É assai paradossale che le indagini relative alla morte dei due migranti marocchini siano state affidate al magistrato Andrea Sacchetti, lo stesso che, per la manifestazione contro la costruzione del muro antimigranti al Brennero del maggio 2016, ha richiesto 330 anni di carcere per 63 compagni e decine di anni di reclusione per altri 63 manifestanti di quella giornata che aveva l’obiettivo di rompere l’indifferenza verso la sorte di milioni di dannati e contro la costruzione di un muro che avrebbe rappresentato un atto di violenza con gravissime conseguenze.
Certamente nessuna aula di tribunale potrà mai avere nulla a che spartire con la sete di giustizia che decine di migliaia di morti sul fondo del Mediterraneo e alle porte della Fortezza Europa richiedono, ma un minimo di decenza sarebbe almeno opportuna.
Mentre alle frontiere si continua a morire, nelle nostre città, nei locali, continuano a permanere frontiere, confini e barriere più infide, sottili e mascherate. Si sa per certo come numerose aggressioni razziste non vengano, per mille motivi, denunciate pubblicamente, ma ciò che è accaduto alla discoteca Exclusiv di Lana merita come minimo un breve promemoria.

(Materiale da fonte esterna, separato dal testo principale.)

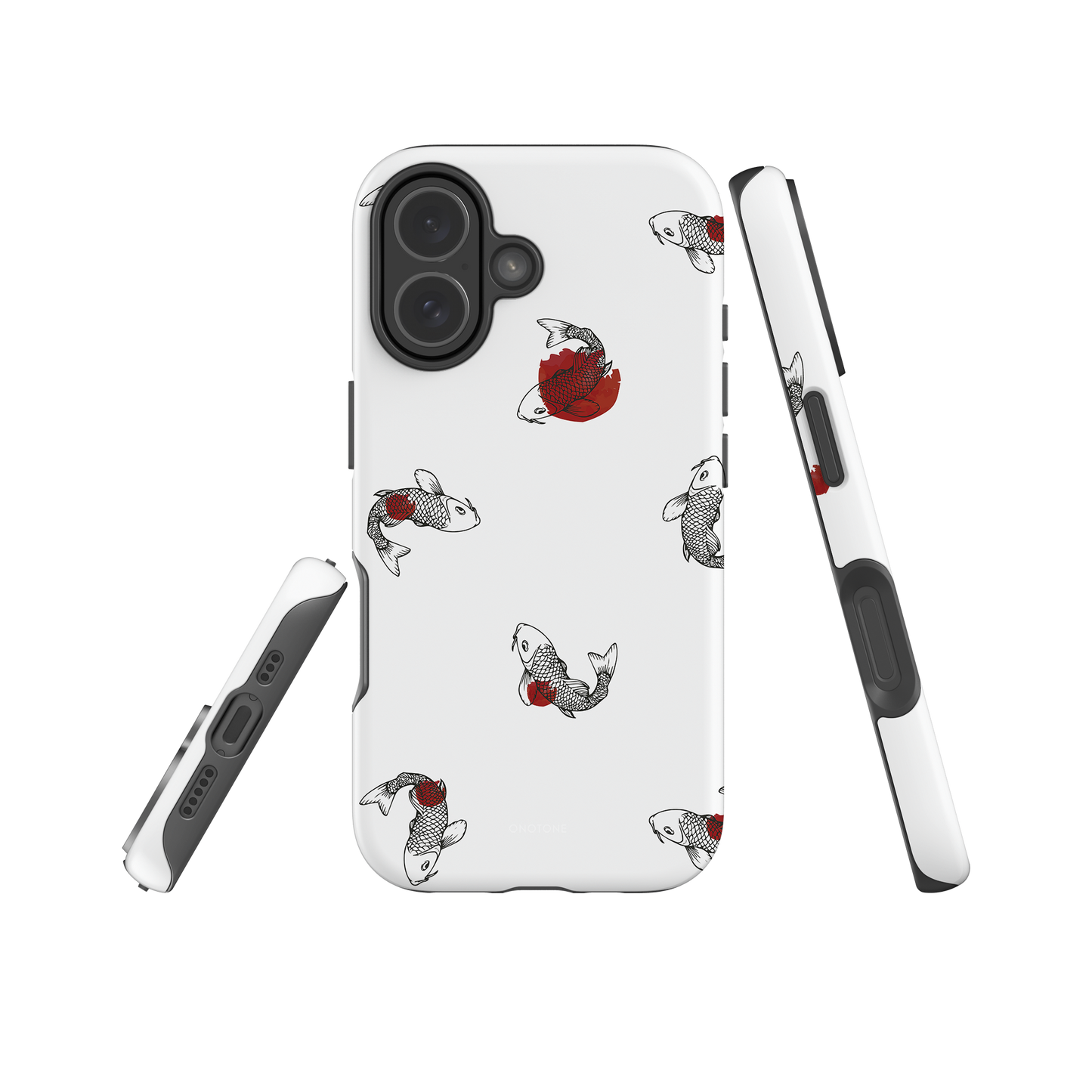 Japanese design indigo iPhone® Case with Koi patterns  (IND-038)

Due ragazzi bolzanini di origine etiope sono stati esclusi dall’ingresso nella discoteca Exclusiv di Lana per quello che viene chiamato Racial profiling ovvero una pratica solitamente patrimonio delle forze di polizia che indirizzano le proprie attività di controllo delle persone sulla base di fattori etnici, culturali o razziali. Non è diverso da ciò che accadeva alcuni fa – fra 2015 e 2016 – alla stazione ferroviaria di Bolzano, dove i reparti celere dei Carabinieri bloccavano uomini e donne di pelle scura intenzionati a salire su treni diretti in Germania.
L’esclusione di due ragazzi di pelle nera dalla discoteca Exclusiv può stupire solo degli ingenui. Chi conosce il luogo e chi ha la memoria a breve termine ancora in funzione, ricorderà come nel giugno 2016 la discoteca fu teatro di un aggressione nazista – a cui prese parte anche uno dei buttafuori – contro un altro gruppo di giovani
Ma già nel 2014, in un’intervista pubblicata su Salto.bz, si ricordava come la discoteca fosse un luogo in cui la presenza di personaggi legati agli ambienti neonazisti fosse ampiamente accettata dal proprietario del locale.

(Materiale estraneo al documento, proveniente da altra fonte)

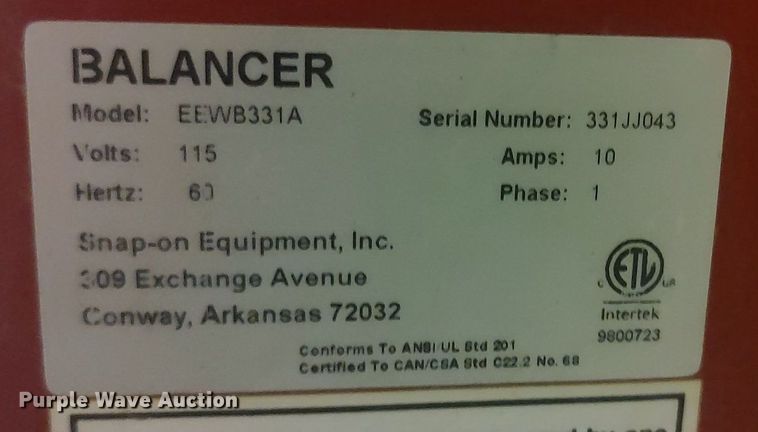 image for item KI9956 Snap On EEWB331A  tire balancer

Il razzismo, spesso giustificato con esigenze di sicurezza o di “tutela degli interessi italiani”, è da anni sdoganato da molte forze politiche, da Lega a Fratelli d’Italia fino ai diversi gruppuscoli neonazisti e neofascisti, sempre pronte a giustificare e prmuovere comportamenti e provvedimenti legislativi discriminatori come il decreto sicrezza votato da Salvinie movimento 5 stelle nel 2018. Evidentemente i discepoli sono molti e non esitano ad applicare alla lettera le idiozie pubblicate sui canali social dai vari Salvini o Meloni di turno.